I have tried both MSE and KLDiv losses, and everything I can think of / search for online.
The model always starts with a real number output and during training immediately gravitates toward 0 or 1, even though most of the target values are fractional numbers.

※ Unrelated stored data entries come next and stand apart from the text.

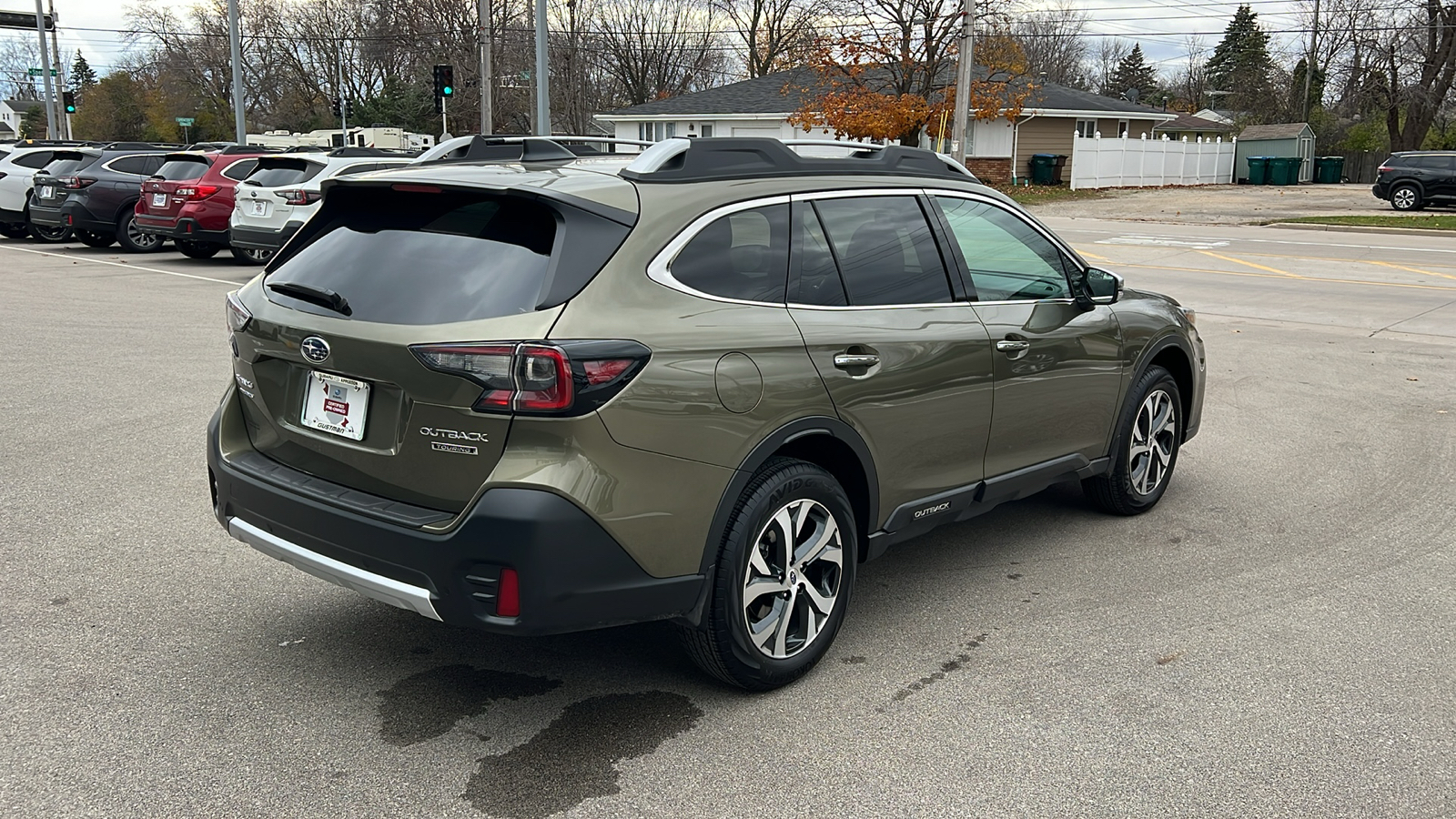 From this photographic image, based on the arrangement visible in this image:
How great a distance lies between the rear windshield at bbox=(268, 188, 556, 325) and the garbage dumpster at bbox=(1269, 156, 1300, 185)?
182 ft

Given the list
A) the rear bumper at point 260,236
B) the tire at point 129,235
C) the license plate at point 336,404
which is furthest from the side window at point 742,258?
the tire at point 129,235

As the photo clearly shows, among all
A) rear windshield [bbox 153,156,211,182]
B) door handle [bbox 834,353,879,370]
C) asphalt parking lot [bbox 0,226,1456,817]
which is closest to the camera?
asphalt parking lot [bbox 0,226,1456,817]

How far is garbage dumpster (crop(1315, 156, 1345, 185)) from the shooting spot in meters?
56.0

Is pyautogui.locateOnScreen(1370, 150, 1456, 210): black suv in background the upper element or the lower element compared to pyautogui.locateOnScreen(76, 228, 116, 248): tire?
upper

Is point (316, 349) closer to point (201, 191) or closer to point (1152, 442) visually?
point (1152, 442)

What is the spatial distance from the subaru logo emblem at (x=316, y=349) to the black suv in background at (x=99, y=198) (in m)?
17.9

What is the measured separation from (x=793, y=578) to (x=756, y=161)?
1413 millimetres

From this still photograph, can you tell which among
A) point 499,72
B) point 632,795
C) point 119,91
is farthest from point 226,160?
point 119,91

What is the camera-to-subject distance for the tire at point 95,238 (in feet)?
68.9

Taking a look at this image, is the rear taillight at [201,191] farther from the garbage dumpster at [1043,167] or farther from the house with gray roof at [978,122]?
the garbage dumpster at [1043,167]

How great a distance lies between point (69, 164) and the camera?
72.1 feet

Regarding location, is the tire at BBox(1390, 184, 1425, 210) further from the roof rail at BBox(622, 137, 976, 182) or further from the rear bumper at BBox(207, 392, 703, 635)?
the rear bumper at BBox(207, 392, 703, 635)

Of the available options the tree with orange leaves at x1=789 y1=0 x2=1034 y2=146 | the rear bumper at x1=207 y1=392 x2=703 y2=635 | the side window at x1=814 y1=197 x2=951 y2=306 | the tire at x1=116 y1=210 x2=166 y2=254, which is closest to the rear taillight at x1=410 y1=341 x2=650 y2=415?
the rear bumper at x1=207 y1=392 x2=703 y2=635

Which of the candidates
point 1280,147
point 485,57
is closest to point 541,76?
point 485,57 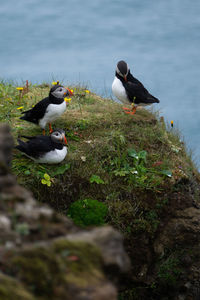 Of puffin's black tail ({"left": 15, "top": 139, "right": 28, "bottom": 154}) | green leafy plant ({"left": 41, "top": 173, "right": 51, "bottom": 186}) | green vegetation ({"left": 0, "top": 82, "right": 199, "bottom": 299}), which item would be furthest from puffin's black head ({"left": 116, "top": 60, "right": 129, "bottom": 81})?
green leafy plant ({"left": 41, "top": 173, "right": 51, "bottom": 186})

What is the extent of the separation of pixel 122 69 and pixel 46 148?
278 centimetres

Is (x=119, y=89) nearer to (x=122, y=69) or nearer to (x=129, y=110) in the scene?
(x=122, y=69)

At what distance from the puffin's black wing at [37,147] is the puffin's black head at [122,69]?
8.34 feet

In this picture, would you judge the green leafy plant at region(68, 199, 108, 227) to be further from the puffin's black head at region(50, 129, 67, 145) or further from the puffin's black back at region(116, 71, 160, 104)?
the puffin's black back at region(116, 71, 160, 104)

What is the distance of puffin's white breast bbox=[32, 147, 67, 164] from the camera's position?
7.29 metres

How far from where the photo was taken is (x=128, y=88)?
8852 millimetres

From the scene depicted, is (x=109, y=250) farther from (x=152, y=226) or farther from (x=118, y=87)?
(x=118, y=87)

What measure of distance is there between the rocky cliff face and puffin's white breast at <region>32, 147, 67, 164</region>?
14.8 feet

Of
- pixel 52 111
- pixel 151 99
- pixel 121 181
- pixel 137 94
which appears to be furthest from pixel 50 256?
pixel 151 99

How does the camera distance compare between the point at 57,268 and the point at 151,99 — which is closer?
the point at 57,268

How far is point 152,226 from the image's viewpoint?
7660 mm

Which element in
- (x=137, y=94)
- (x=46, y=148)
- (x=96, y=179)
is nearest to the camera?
(x=46, y=148)

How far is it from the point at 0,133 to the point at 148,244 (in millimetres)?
4965

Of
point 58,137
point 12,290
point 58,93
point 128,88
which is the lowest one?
point 12,290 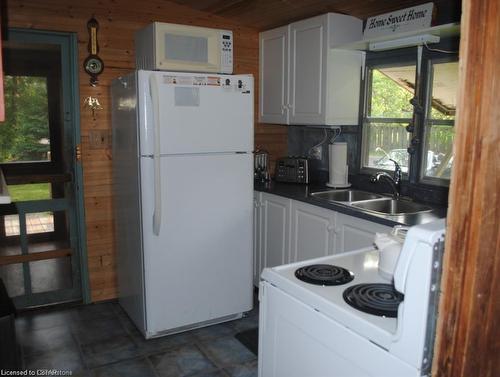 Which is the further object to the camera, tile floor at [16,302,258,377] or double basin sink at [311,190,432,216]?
double basin sink at [311,190,432,216]

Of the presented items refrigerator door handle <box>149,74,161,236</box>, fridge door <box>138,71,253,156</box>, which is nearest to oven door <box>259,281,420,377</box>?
refrigerator door handle <box>149,74,161,236</box>

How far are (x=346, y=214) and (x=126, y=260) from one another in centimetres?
156

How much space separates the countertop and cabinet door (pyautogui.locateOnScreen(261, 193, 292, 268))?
0.07 meters

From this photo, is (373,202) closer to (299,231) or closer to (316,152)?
(299,231)

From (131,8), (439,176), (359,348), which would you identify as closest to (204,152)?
(131,8)

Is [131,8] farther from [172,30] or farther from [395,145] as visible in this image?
[395,145]

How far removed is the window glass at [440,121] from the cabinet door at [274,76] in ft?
3.68

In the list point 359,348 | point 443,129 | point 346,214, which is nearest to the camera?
point 359,348

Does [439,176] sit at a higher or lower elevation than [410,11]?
lower

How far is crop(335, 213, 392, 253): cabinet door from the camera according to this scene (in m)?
2.58

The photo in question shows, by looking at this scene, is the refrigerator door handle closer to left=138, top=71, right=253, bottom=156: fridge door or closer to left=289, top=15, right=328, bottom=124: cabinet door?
left=138, top=71, right=253, bottom=156: fridge door

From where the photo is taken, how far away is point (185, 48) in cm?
294

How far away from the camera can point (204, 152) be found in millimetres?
2912

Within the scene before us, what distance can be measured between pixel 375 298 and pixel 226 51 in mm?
2176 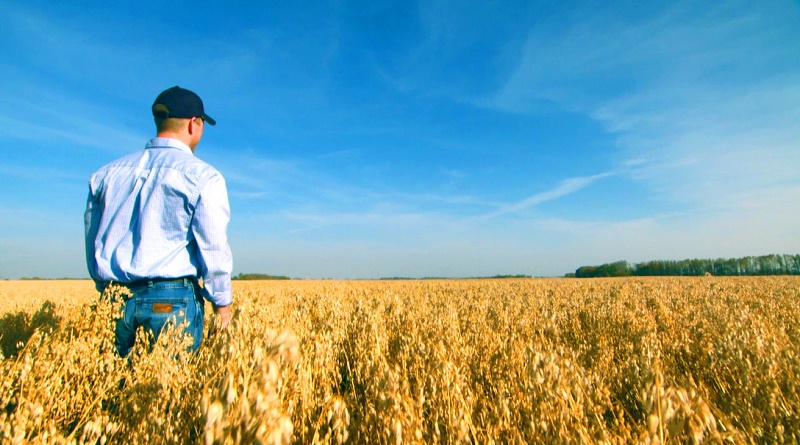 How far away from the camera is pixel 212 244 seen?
2.88 meters

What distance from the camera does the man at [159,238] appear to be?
2.69 metres

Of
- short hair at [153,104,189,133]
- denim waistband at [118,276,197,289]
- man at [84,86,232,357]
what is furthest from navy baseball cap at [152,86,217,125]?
denim waistband at [118,276,197,289]

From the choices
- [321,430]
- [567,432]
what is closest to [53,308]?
[321,430]

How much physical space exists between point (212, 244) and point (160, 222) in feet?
1.32

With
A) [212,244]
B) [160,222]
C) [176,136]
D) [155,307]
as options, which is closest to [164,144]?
[176,136]

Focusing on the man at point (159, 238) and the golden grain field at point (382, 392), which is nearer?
the golden grain field at point (382, 392)

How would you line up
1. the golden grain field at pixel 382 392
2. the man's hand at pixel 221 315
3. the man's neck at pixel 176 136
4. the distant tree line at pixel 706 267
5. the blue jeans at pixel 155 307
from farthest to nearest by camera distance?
the distant tree line at pixel 706 267 → the man's neck at pixel 176 136 → the man's hand at pixel 221 315 → the blue jeans at pixel 155 307 → the golden grain field at pixel 382 392

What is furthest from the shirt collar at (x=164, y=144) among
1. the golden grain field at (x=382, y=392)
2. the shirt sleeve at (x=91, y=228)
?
the golden grain field at (x=382, y=392)

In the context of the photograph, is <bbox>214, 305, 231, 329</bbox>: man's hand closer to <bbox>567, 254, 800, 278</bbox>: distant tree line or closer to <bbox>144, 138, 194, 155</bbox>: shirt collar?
<bbox>144, 138, 194, 155</bbox>: shirt collar

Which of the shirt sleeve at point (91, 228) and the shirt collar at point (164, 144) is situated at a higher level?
the shirt collar at point (164, 144)

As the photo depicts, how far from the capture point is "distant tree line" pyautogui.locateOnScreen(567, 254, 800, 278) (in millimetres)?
55891

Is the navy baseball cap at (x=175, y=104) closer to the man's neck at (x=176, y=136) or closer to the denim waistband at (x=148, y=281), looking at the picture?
the man's neck at (x=176, y=136)

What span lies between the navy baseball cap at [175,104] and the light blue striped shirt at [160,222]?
422 mm

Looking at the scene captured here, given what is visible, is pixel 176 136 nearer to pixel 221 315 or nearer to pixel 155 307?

Here is my model (apologies for any typos, I am typing this out):
class Net(nn.Module):
def __init__(self):
super(Net, self).__init__()
self.fc1 = nn.Linear(240*120*3, 300)
self.fc2 = nn.Linear(300,3)
def forward(self, x):
x = torch.flatten(x, 1)
x = self.fc1(x)
x = F.relu(x)
x = self.fc2(x)
output = torch.sigmoid(x,)
return output
Here is my training loop:
def train(model, device, train_loader, optimizer, lossfn, epoch):
model.train(False)
for b_idx, (data, target) in enumerate(train_loader):
data, target = data.to(device), target.to(device)
optimizer.zero_grad()
output = model(data)
loss = lossfn(output, target)
print(output, target, loss)
loss.backward()
optimizer.step()
The loss function is both nn.KLDivLoss/MSELoss
Both result in the same output for all inputs, and all the outputs are 0 or 1.
MSELoss:
output: tensor([[0., 1., 1.],
[0., 1., 1.],
[0., 1., 1.],
[0., 1., 1.],
[0., 1., 1.],
[0., 1., 1.],
...]], device='cuda:0', grad_fn=<SigmoidBackward>)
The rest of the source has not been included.